BAMAKO (Reuters) - A Senegalese United Nations peacekeeper was killed on Tuesday when a joint French-U.N. military camp in the northern Malian town of Kidal was hit by rocket fire, the U.N. mission and Senegal's state television said.
It was not immediately clear who was responsible for the attack, but Islamist insurgents operating in Mali's north have stepped up attacks on foreign forces in recent weeks. Nine U.N. peacekeepers were killed in an ambush last Friday.
Olivier Salgado, a spokesman for the U.N. force, known as MINUSMA, said between six and eight rockets had been fired at the camp.
"One MINUSMA soldier was killed in the attack," Salgado said, without giving details on the nationality of the peacekeeper.
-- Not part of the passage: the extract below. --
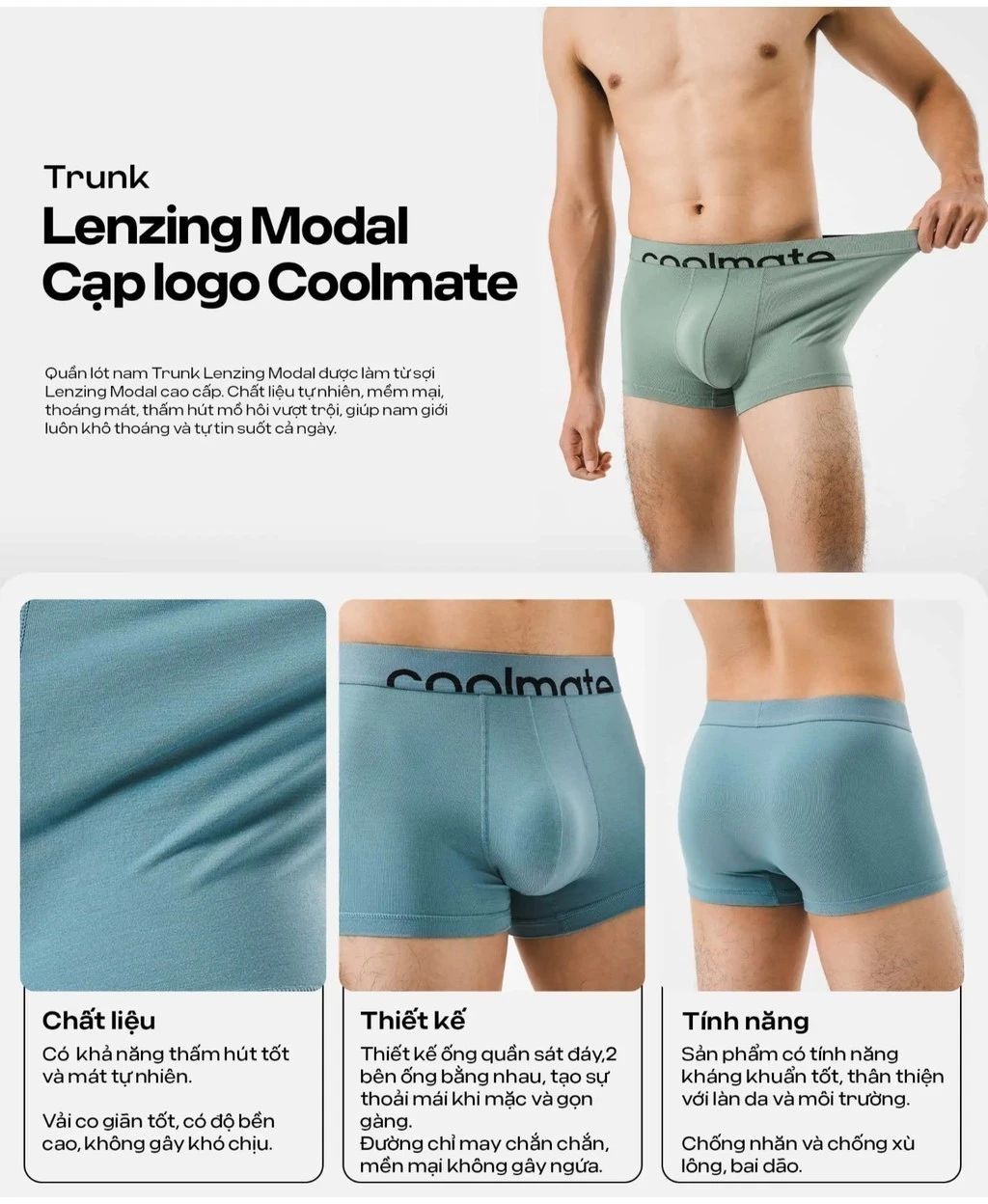 [Tặng kèm 1 brief bamboo] Combo 4 quần lót trunk lenzing modal cạp logo Coolmate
There were no immediate reports of casualties among the French forces from the rocket fire.
Senegal's state television, citing a statement from the country's army, said the peacekeeper who was killed in the attack was a member of Senegal's 845-strong contingent deployed in Mali as part of the UN's peacekeeping mission.
U.N. peacekeepers have deployed across Mali's north in an effort to secure the country after the separatists and Islamist rebels seized the northern regions, taking advantage of the power vacuum created by a coup in the capital in 2012.
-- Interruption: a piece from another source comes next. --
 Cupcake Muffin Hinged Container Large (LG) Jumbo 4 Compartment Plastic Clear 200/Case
The Islamists were scattered by French forces early last year and elections have since been held. But there has been a marked increase in attacks in recent months as France moved its focus away from Mali towards a regional security mission.
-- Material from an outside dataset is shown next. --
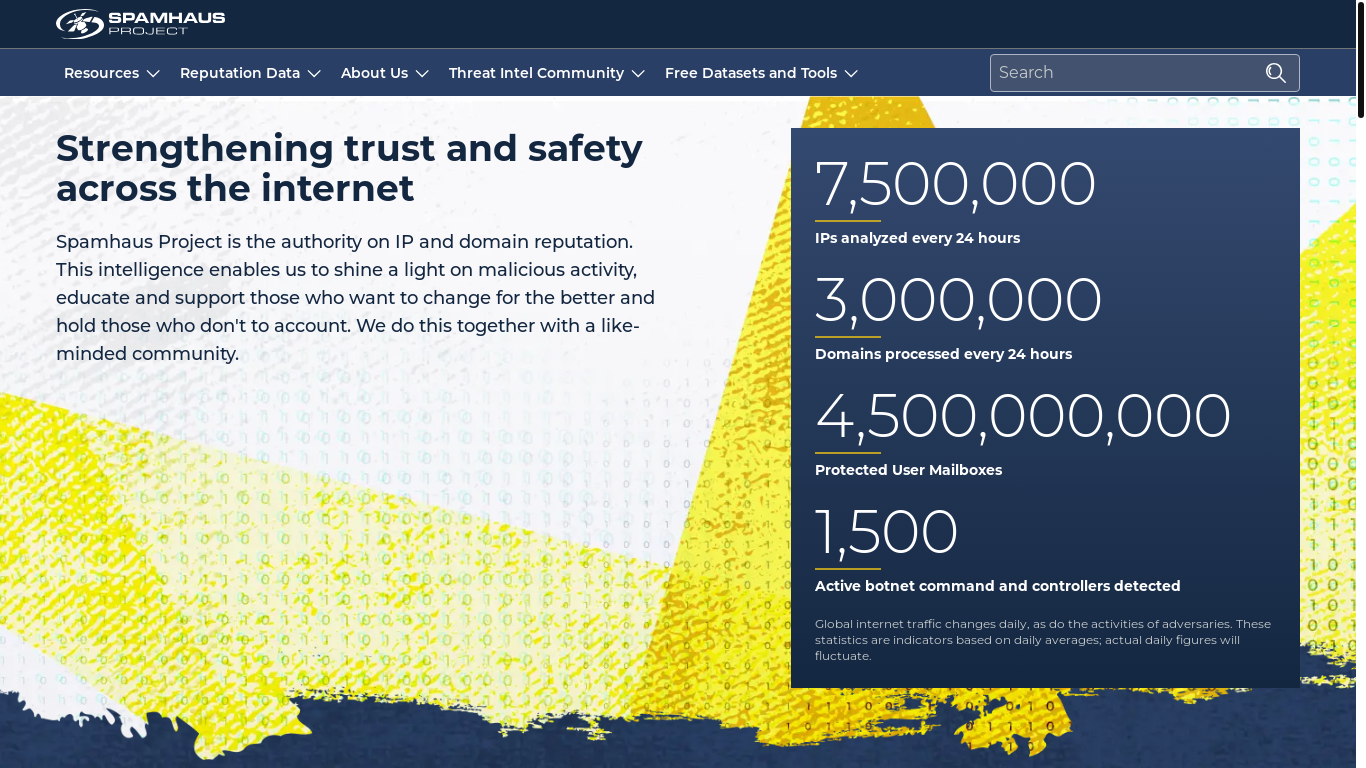 website screenshot of https://spamhaus.org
Mali's army was also forced to pull troops from the Kidal region in May after losing a battle following a botched attempt to seize the town from Tuareg separatists. Since then, only UN peacekeepers and a handful of French personnel have been based there.
Speaking in Mali's capital Bamako earlier on Tuesday, UN peacekeeping chief Herve Ladsous said the reduction of French troops and the absence of Malian troops from the region was contributing to the upsurge of insurgent activities.
Instability in southern Libya is also "a factor that plays a role in the fact that these jihadists...have restarted their activities. They have without doubt re-acquired equipment," Ladsous said.